JSR168 Portlet related

2017/02/12 iteye
  1. portlet request divide  into action request and render request   Render parameters allow the portlet to store its navigational state. Render parameters stay the same for subsequent render requests and only change when the portlet receives a new action. This enables bookmarkability and solves the browser back button problem.

  2. portlet request:  a call from from the client (portal server) to process some information or render some markup.  A portlet request is received and managed by a portlet container. The portlet container executes the targeted portlet to process the request.  There are two things that distinguish portlet requests from typical http (web requests):  the client sending the portlet request is a portal application not an end user (browser) and multiple (two) requests are sent to submit data and render a markup response.  

  3. portlet request scope:  the duration of a request processed by the portlet container.  Because portlets separate action processing and rendering in two distinct requests, client state stored in the request scope does not carry forward from a portlet's action to its render.  

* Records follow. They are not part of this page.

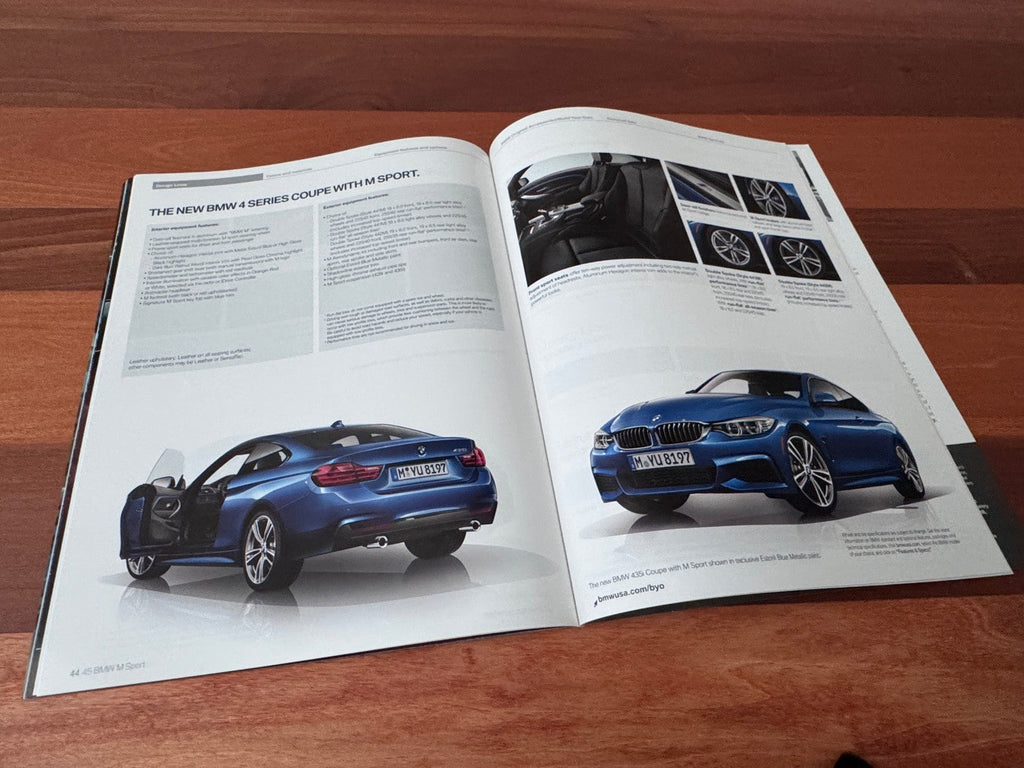 BMW-F32 Coupe, 2014-Dealership-Sales-Brochure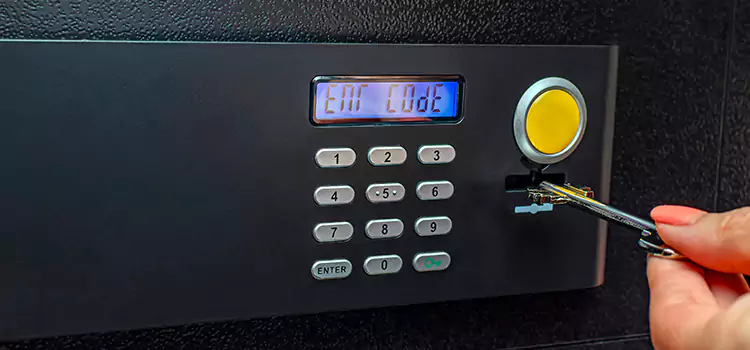 Electronic Keypad Deadbolt Installation Mililani Town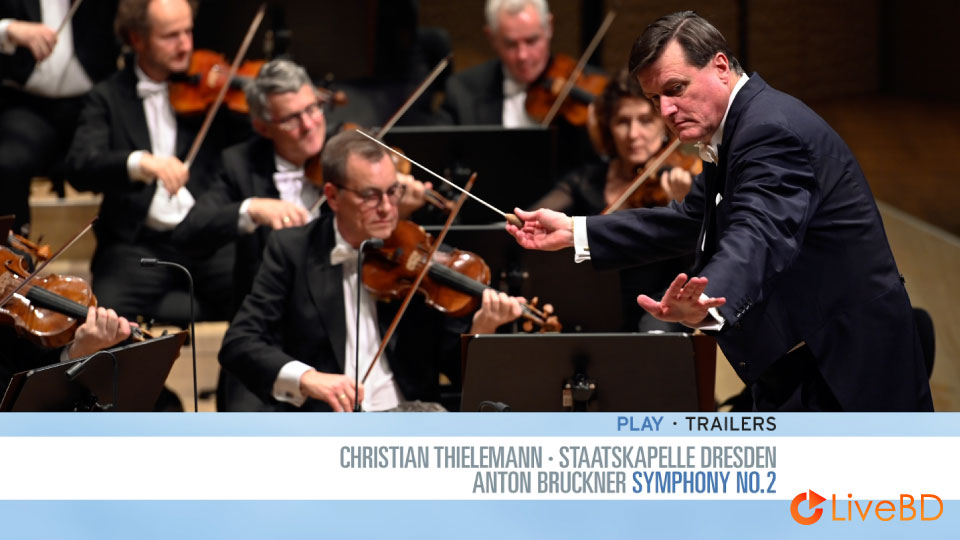Christian Thielemann & Staatskapelle Dresden – Bruckner Symphony No. 2 At Elbphilharmonie Hamburg (2019) BD蓝光原盘 18.3G_Blu-ray_BDMV_BDISO_1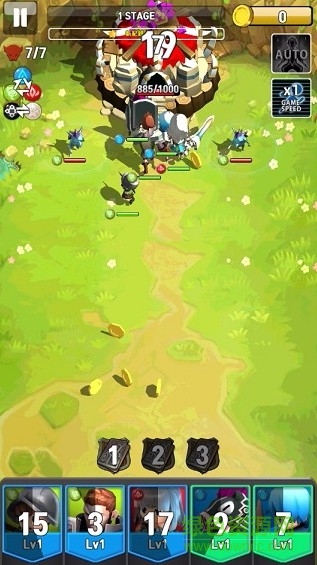 閑置沖鋒游戲(Idle Rush) v1.0.9 安卓版 3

  4. JSF Bridge As Faces executes in the context of an underlying container its request scope is restricted by that provided by the container.  However, the Faces model is based on the servlet model and hence expects a single request for processing both user interactions and rendering.  Because this isn't the behavior in a portlet container, Faces does not execute properly if the Faces application depends on request scoped data established during action processing and referenced during rendering.     the bridge preserves data stored at request scope so that it can be restored on subsequent render requests.  I.e. where in a regular portlet environment, each action and render request processing starts with an empty data set in its request scope and any data added to this scope during processing is destroyed when the request completes, the bridge preserves this state and restores it into the request scope on subsequent render requests.